In the annals of pop music history, the release of The Beatles' Sgt. Pepper's Lonely Hearts Club Band on June 1, 1967 operated as a fulcrum upon which the scales of rock 'n' roll were tipped forevermore towards ambitious refraction, sonic metaphor and unashamed exploration of the far-afield spaces in our minds. Its 50th birthday, then, is something to be celebrated — and oh, how it is.
A voluminous and varied reissue series of that momentous album was announced today. It will include deluxe and "super deluxe" CD packages, a deluxe vinyl reprint and a limited 7" of "Strawberry Fields Forever" b/w "Penny Lane" (which were released as singles ahead of Sgt. Pepper's release) for Record Store Day — all based on a new stereo remix of the album by engineer Sam Okell and producer Giles Martin, son of the album's original producer George Martin, sourced from the original four-track sessions. The sets will have 34 previously unreleased recordings spread across the reissues' various versions, made up of early takes from the Sgt. Pepper sessions. Some will also include digitally restored versions of the Making of Sgt. Pepper documentary and two videos produced to promote the album.

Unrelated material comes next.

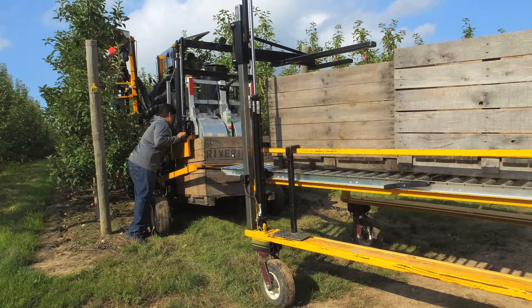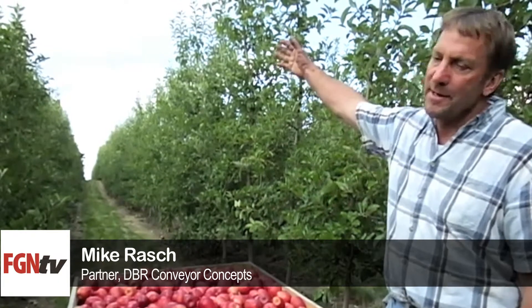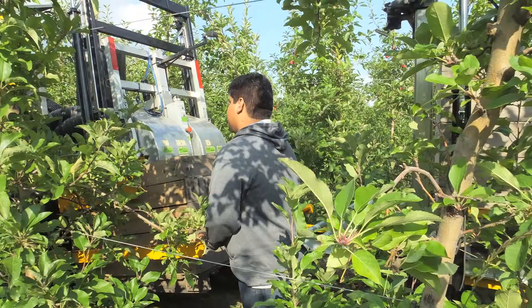The other change was addressed to the bin management, and we've done that on the existing bin trailer, which is a straddle trailer. Fill the box full, straddle it, bring bins in on demand. We can go three high with the bins now, so we can carry up to 12 bins and un-nest them, still singling them out to supply bins on demand.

"It's crazy to think," Paul McCartney comments in a statement accompanying the release, "that 50 years later we are looking back on this project with such fondness and a little bit of amazement at how four guys, a great producer and his engineers could make such a lasting piece of art."

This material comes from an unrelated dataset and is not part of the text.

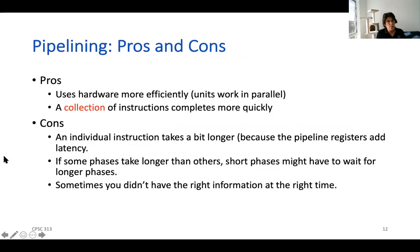There are some pluses and minuses here. This uses hardware much more efficiently because we're parallelizing and using all the units at the same time, and an entire collection of instructions finishes more quickly. But each individual instruction actually takes a little bit longer because we've introduced those pipeline registers. Also, if you don't have your pipeline balanced — some stages take a long time and some are really short — you end up with wasted time. For example, if it takes one nanosecond to read a register and 1,000 nanoseconds to run the ALU, the decode stage waits 999 nanoseconds while the ALU finishes. So we want to balance the pipeline stages so they're all about the same length of time.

But what can we expect it to, um, sound like? Thankfully, there is some precedent.
In 2006, Giles Martin and his father worked on a "re-envisioned" set of Beatles songs for Cirque du Soleil that was released as Love. The process, in which songs were not only remixed but truncated, is a bit apples-to-oranges with this current Sgt. Pepper project — but the result was was strikingly fresh, like a digital remaster of a 16mm film.
Our own Bob Boilen interviewed Giles Martin around the release of Love, and Martin joked that he thought "they were going to fire me at any stage." He explained his process of taking those four-track recordings, digitizing them and, in a fashion not particularly rock and roll, creating a spreadsheet based on them "with keys and tempos. It became essential for me to work," he said. "You have to start somewhere, and you can't mess around with keys and tempos too much because then its not The Beatles anymore." (Consider just how different even a stereo compared to a mono mix can sound — as we did back in 2014. And if you'd like to test your ears, we've got you covered there, too.)
Not to be outdone, The Beatles' original home, Liverpool, is planning three weeks of events, including one for each of the Sgt. Pepper's 13 songs. The Cavern Club, where a fresh-faced group of mop-tops first began to draw crowds (and screams), has its own house cover band that will perform the record in full on June 1.